Inter-jurisdictional research is an important part of policy-making. Decision-makers – and through them, the public – benefit from knowing about the successes and failures that others have experienced in tackling similar issues.

In making this decision not to seek Cabinet approval, the ministry considered its long term relationships with the other jurisdictions. The other governments volunteered this information on the understanding that it would be for Ontario’s internal use only. Disclosing records would erode the relationship of trust it had with other jurisdictions, making it harder to conduct effective jurisdictional research in the future.

[68] Based on my review of the records and the ministry’s representations, I find that all of the records, with the exception of pages 571- 572 are exempt under section 15(b).
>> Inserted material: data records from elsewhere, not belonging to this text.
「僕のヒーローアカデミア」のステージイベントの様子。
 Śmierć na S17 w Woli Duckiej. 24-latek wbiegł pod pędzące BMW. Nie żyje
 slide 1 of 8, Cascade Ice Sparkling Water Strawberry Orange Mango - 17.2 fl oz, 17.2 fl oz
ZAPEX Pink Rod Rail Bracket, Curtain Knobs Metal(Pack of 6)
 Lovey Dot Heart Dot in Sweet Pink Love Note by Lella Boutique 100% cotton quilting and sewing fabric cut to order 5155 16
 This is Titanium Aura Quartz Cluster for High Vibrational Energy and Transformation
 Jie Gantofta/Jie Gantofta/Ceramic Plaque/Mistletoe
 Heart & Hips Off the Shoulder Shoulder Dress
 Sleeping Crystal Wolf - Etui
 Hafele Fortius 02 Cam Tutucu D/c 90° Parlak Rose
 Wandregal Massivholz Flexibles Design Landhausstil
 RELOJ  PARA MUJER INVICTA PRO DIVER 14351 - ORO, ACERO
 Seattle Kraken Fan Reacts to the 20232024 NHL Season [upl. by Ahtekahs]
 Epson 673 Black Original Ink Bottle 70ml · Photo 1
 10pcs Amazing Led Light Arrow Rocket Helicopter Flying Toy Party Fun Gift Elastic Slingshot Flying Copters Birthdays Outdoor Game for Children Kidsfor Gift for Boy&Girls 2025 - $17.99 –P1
The records for which the ministry has claimed this exemption are clearly marked or identified as information received from another jurisdiction. Specifically, I find the following:

  • • Pages 504 – 509 is an email chain between an individual in the ministry to individuals in New Jersey with respect to the court interpreter program. The emails contain questions and discussion about the program and policies behind the program.
  • • Pages 578 – 587 and 706 – 714 are documents provided by state of New Jersey to ministry regarding court interpreter services.
  • • Pages 715 – 720 is a document provided by state of New York to ministry regarding examination procedures for court interpreters.
  • • Pages 740 – 744 is a summary of cross-jurisdictional research into court interpreter programs. I find that the information contained in the summary is information received by the ministry from other jurisdictions.
  • • Pages 747 – 750 is a comparison chart of testing in other jurisdictions. I accept that the information in the chart was received by the ministry from other jurisdictions.
  • • Pages 757 – 761 contain the criteria for testing of interpreters received by the ministry from another jurisdiction.
  • • Pages 762 – 769 contain recommendations on recruitment received by the ministry from the state of New Jersey.
  • • Pages 770 – 787 is a cross-jurisdictional review document which I find contains information received by the ministry from other jurisdictions.
  • • Pages 788 – 814 is a report sent by the state of New Jersey to the ministry and is referred to in the earlier email chain.
  • • Pages 815 – 823 are information received by the ministry from the state of New York relation to oversight of the court interpreting services.
  • • Pages 824 – 825 contains another cross-jurisdictional review which I find contains information received by the ministry from other jurisdictions.
  • • Pages 826 – 978 contains survey responses on interpreter related practices in other jurisdictions. I find the survey answers contain information received by the ministry from other jurisdictions.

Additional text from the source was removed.